Given the pressure modern communications technologies, a 24-hour news cycle, an ever-increasing population, and a constant flow of data now place on Congress—as well as the significant imbalance of funding and staffing between the legislative and executive branches of government—there are now significant concerns about Congress’ ability to effectively integrate the needs and views of the People into public policy.

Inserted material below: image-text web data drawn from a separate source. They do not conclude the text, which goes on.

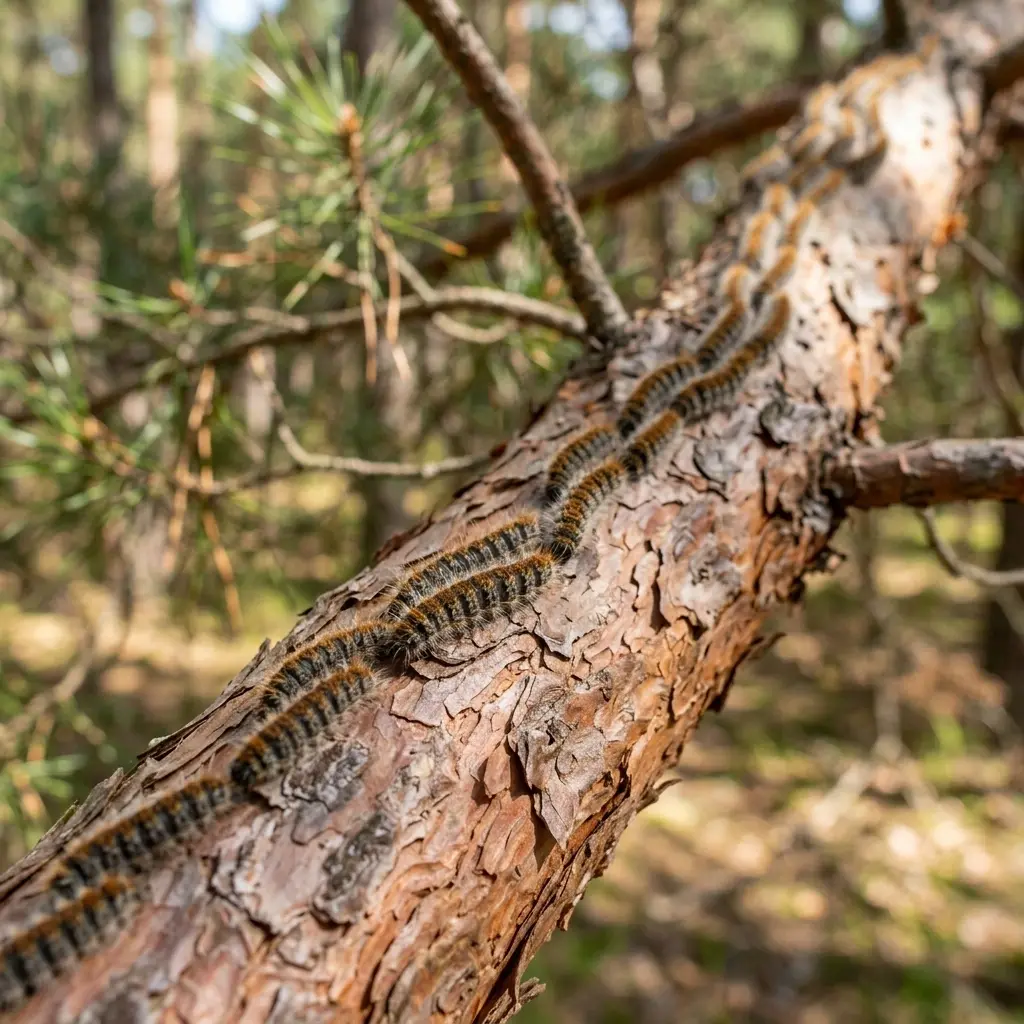 Comment prévenir l'invasion des chenilles processionnaires chez vous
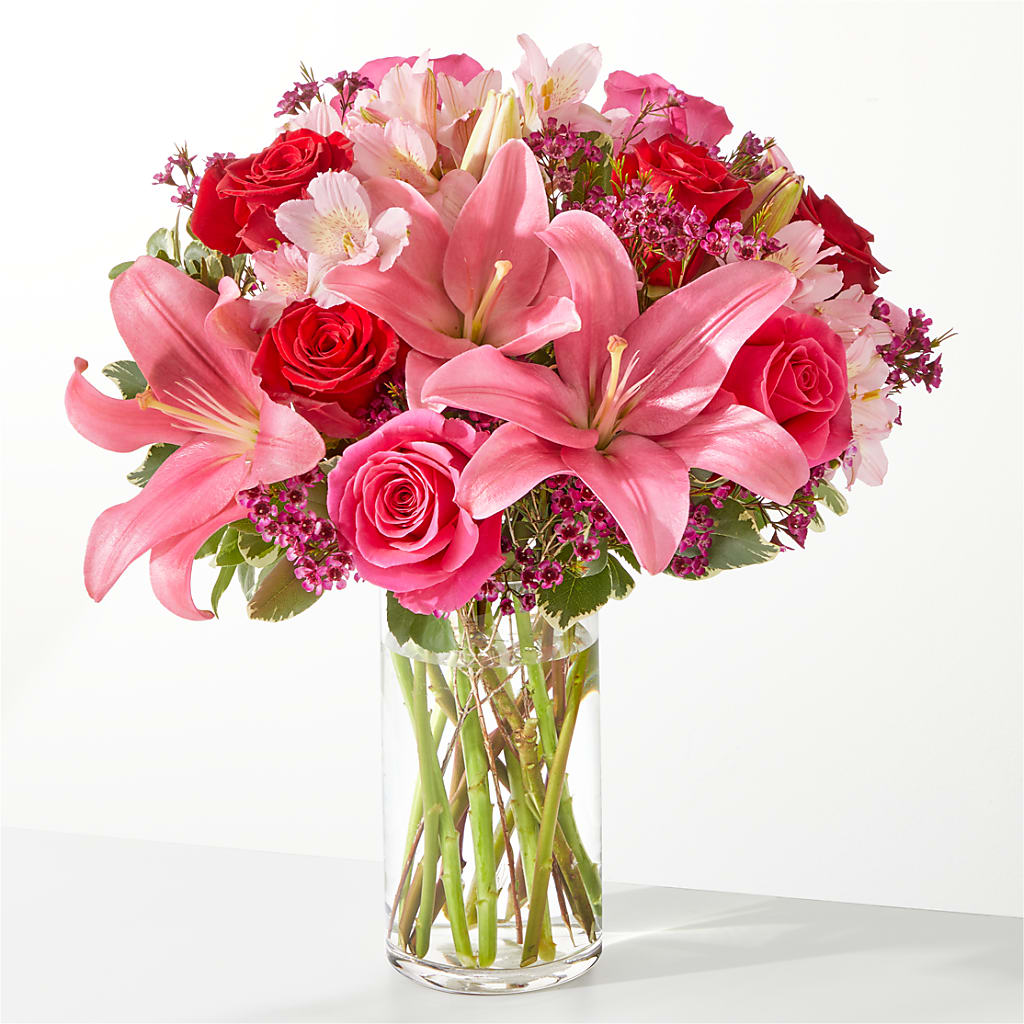 Lucky in Love Bouquet – Nacogdoches Floral Company, Nacogdoches TX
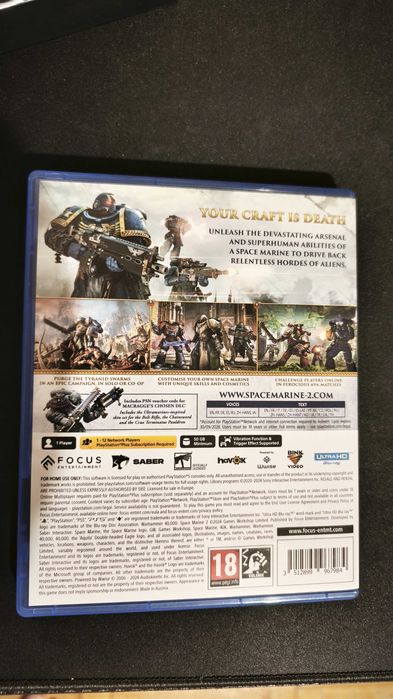 Warhammer 40,000: Space Marine 2 PS5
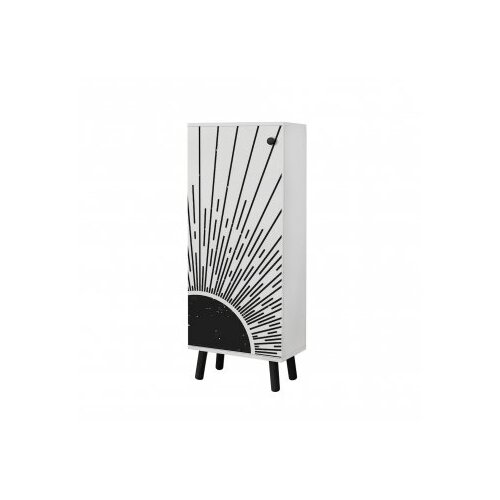 Hanah home Vegas SB 963 Stalak za cipele, crno-bijeli Slike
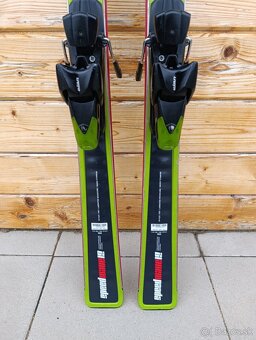 LYŽE ELAN SPEED WAVE 12 168CM + NORDICA QUEST MAX 130 28CM - 3
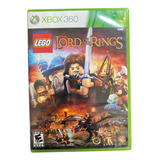 Lego El Señor De Los Anillos Xbox 360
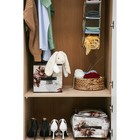 Корзина для хранения плетёная ручной работы Доляна «Крестьянка», плетёная, 29×29×11 см, цвет бежевый - Фото 10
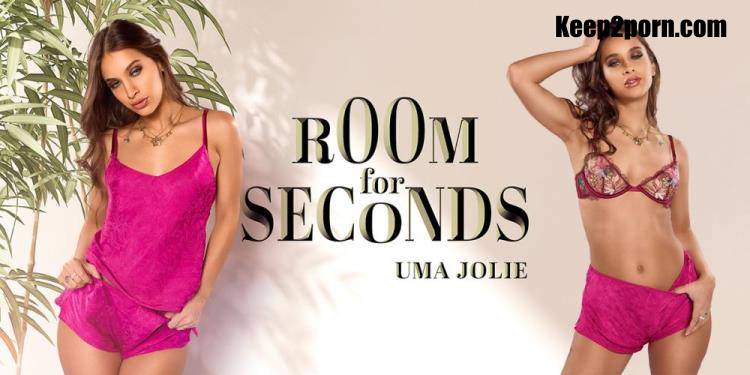 Uma Jolie - Room for Seconds [BaDoinkVR / UltraHD 4K 2700p / VR]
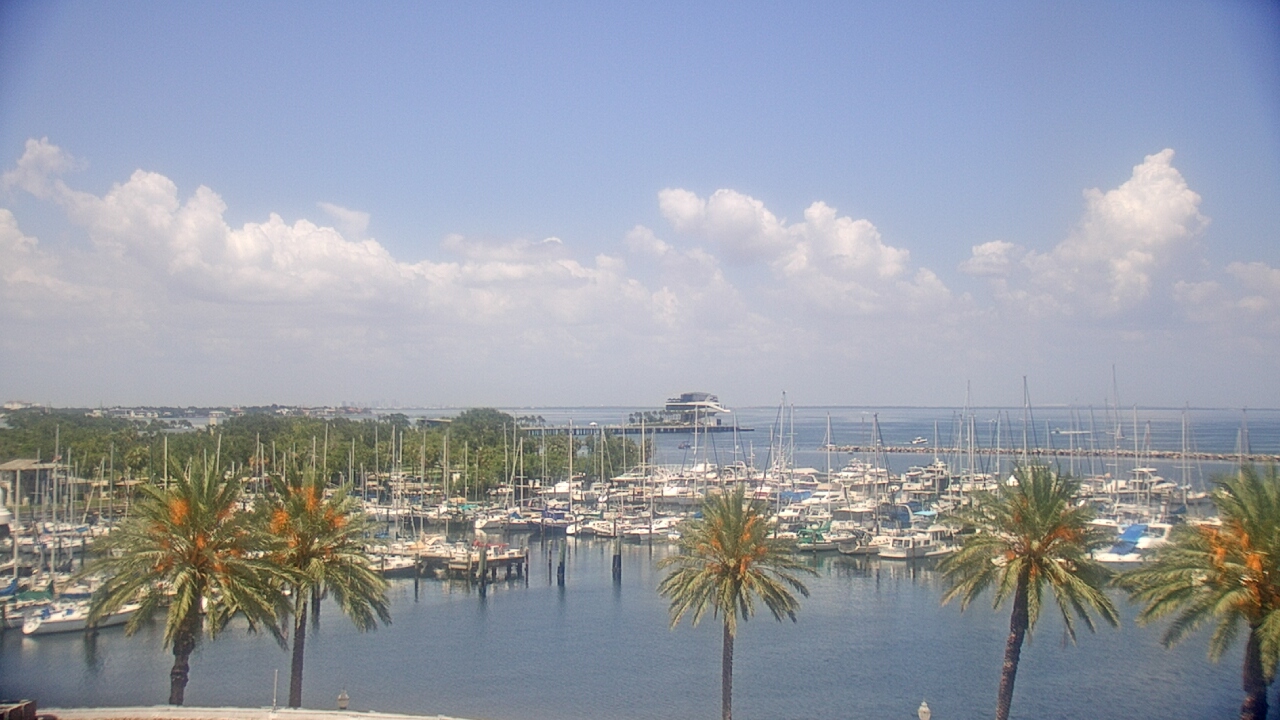 Thumbnail for current weather camera view from Mahaffey Theater in St. Petersburg, Florida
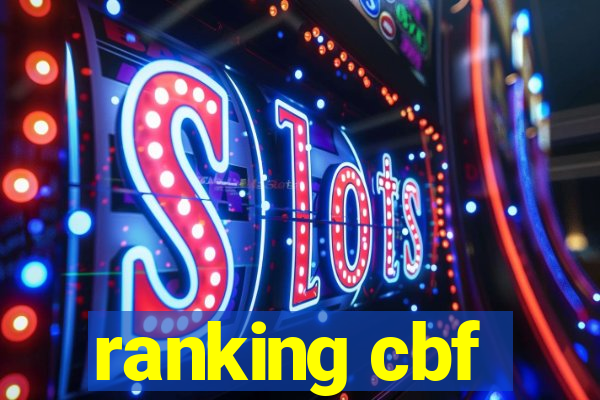 ranking cbf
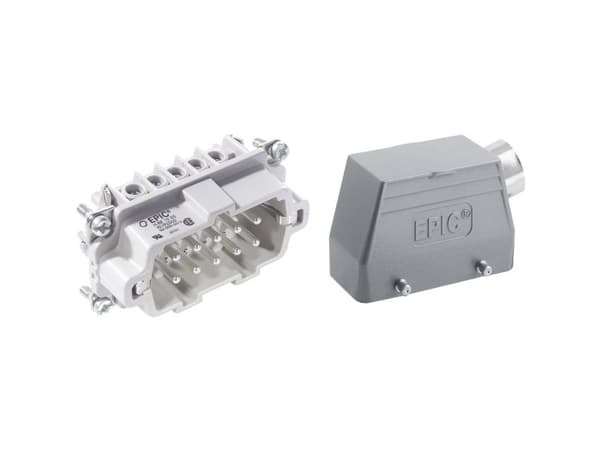 LAPP-anslutningssats EPIC®KIT H-BE 10 75009641 10 + PE-skruvar 1 sats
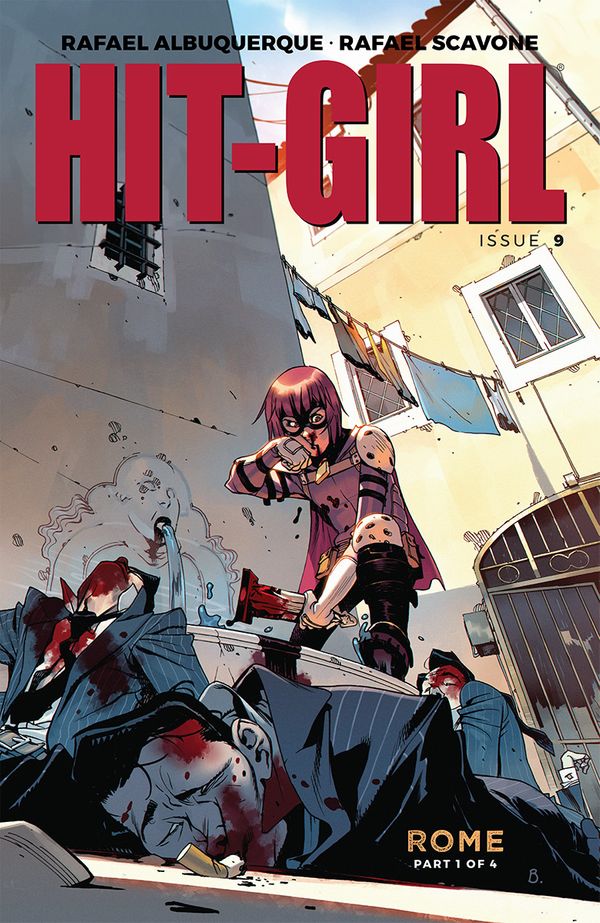 Hit-Girl #9 (Cover D Bengal)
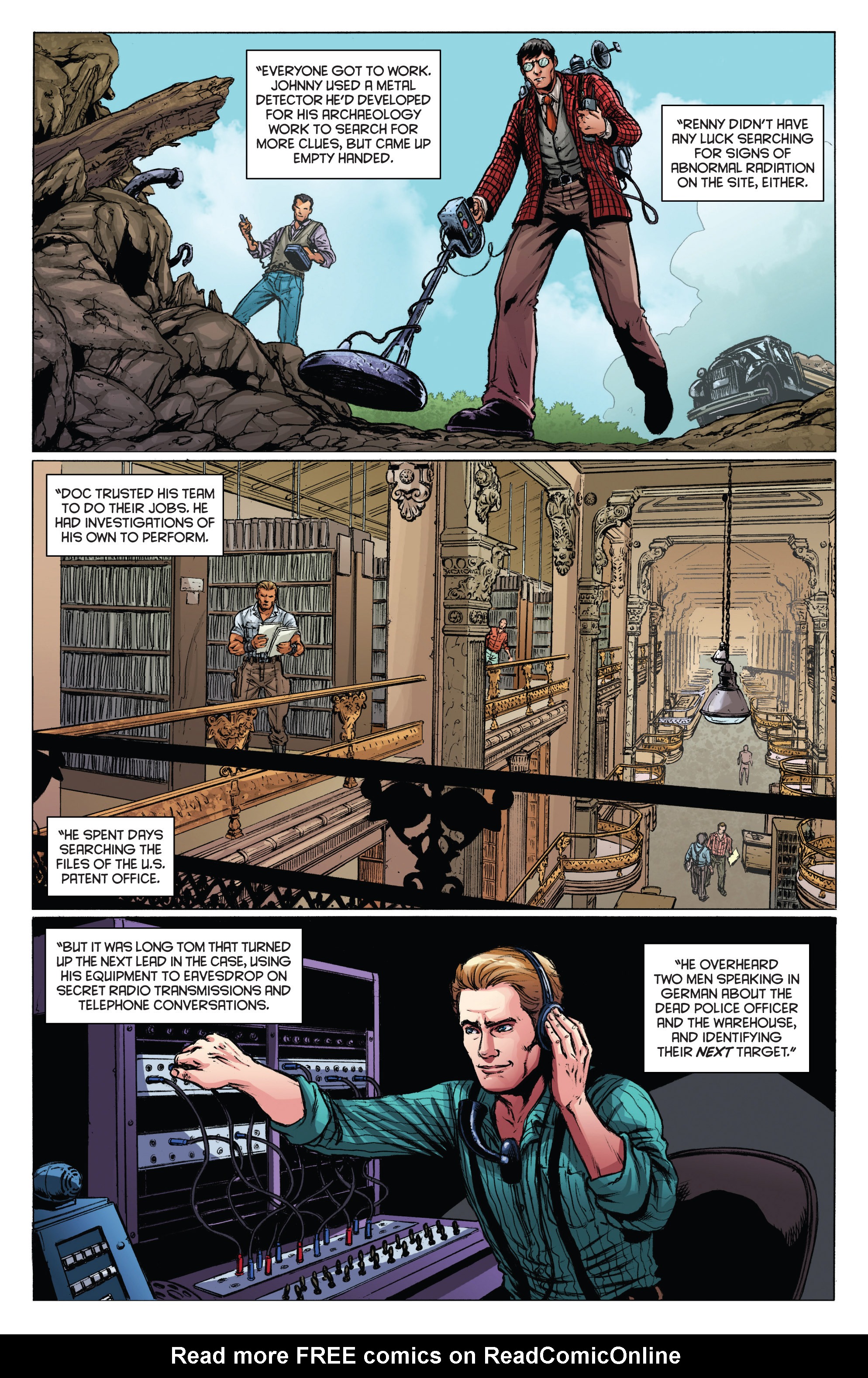 Read online Doc Savage: The Spider's Web comic -  Issue #1 - 16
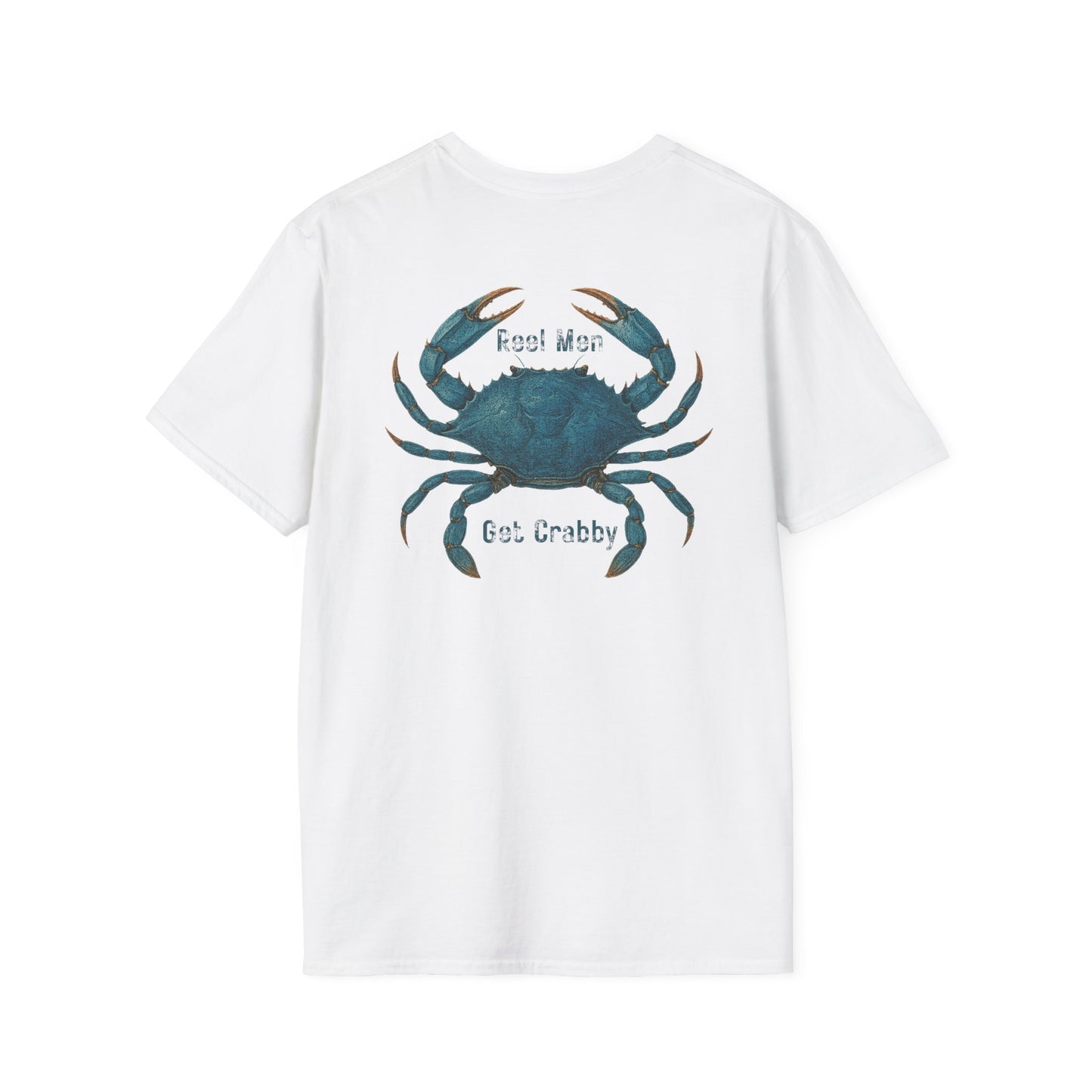 "Reel Men Get Crabby" Tee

Public policy has always been informed by a range of relevant information sources, including Members’ own experiences and beliefs. New systems and platforms meant to facilitate and enhance congressional engagement with the public should support robust aggregation and disaggregation, parsing, and analysis of relevant information from a wide range of sources. Only in this way can Congress turn the vast amount of available data and information into knowledge that effectively informs public policy and provides our leaders with the wisdom they need to determine the best course of action.

Principle into Practice:
  • Congress should adopt processes, systems, and technologies to better aggregate and understand the People’s views and integrate them with other sources of data and information.
  • Members of Congress should consider regularly partnering with local colleges, community colleges, and universities to help more broadly collect, aggregate, and understand constituent views and needs.
  • Members of Congress should convene local subject matter experts for roundtable discussions on relevant issues and legislation.
  •  Advocacy groups should strive to educate and train their supporters to be better citizen-advocates, providing a high quality of content to their elected officials.